Here's another holdover from 2010 that we are just getting into our hands now, and it's a damn good one. Third Eye is a Danish progressive metal band who have been in existence in one form or another since 2003, but Recipe For Disaster is their debut release. The band is comprised of Per Johansson on vocals, Thomas Kuhlmann & Michael Bodin on guitar, Martin Damgaard on drums, Andreas Schumann on bass, and Simon Krogh on keyboards.

The first thing you notice are the vocal histrionics of Johansson. This guy can flat out sing, but the interesting thing is he combines elements of Nevermore's Warrel Dane, Dream Theater's James LaBrie, Queensryche's Geoff Tate, Into Eternity/Iced Earth belter Stu Block, Pain of Salvation frontman Daniel Gildenlow, Tim 'Ripper' Owens, and even the legendary King Diamond himself, into a unique sound all his own. His powerful, theatrical, and at times over the top delivery soars above the intricate and often time crushing guitar riffage and complex rhythms from the rest of the band.
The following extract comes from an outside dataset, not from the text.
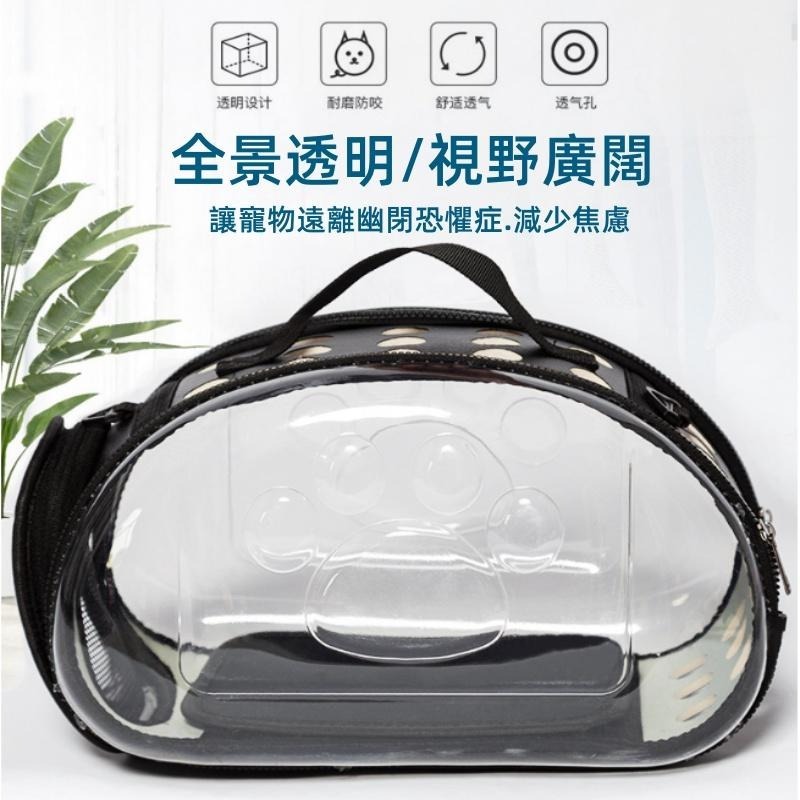便攜透明寵物包🔥平價現貨🔥外出寵物箱 手提單肩斜跨寵物包 可折疊透氣貓狗包 貓咪包 狗狗包 寵物專用包-細節圖3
More importantly, as diverse as these songs are, they are instantly memorable. From the extreme prog-metal of "Dark Angel" to the complex & avant-garde metal of "Snake in the Grass", these songs just stick in your head like glue and never let go. A tune like "The Sacred and the Profane" mixes thrash, progressive & power metal all in one cohesive fashion, and the 10+ minute epic "The Psychiatrist" provides everything prog-metal fans crave, such as blazing guitar/bass/keyboard unison passages, heavy riffs, soaring vocals, and dramatic atmosphere.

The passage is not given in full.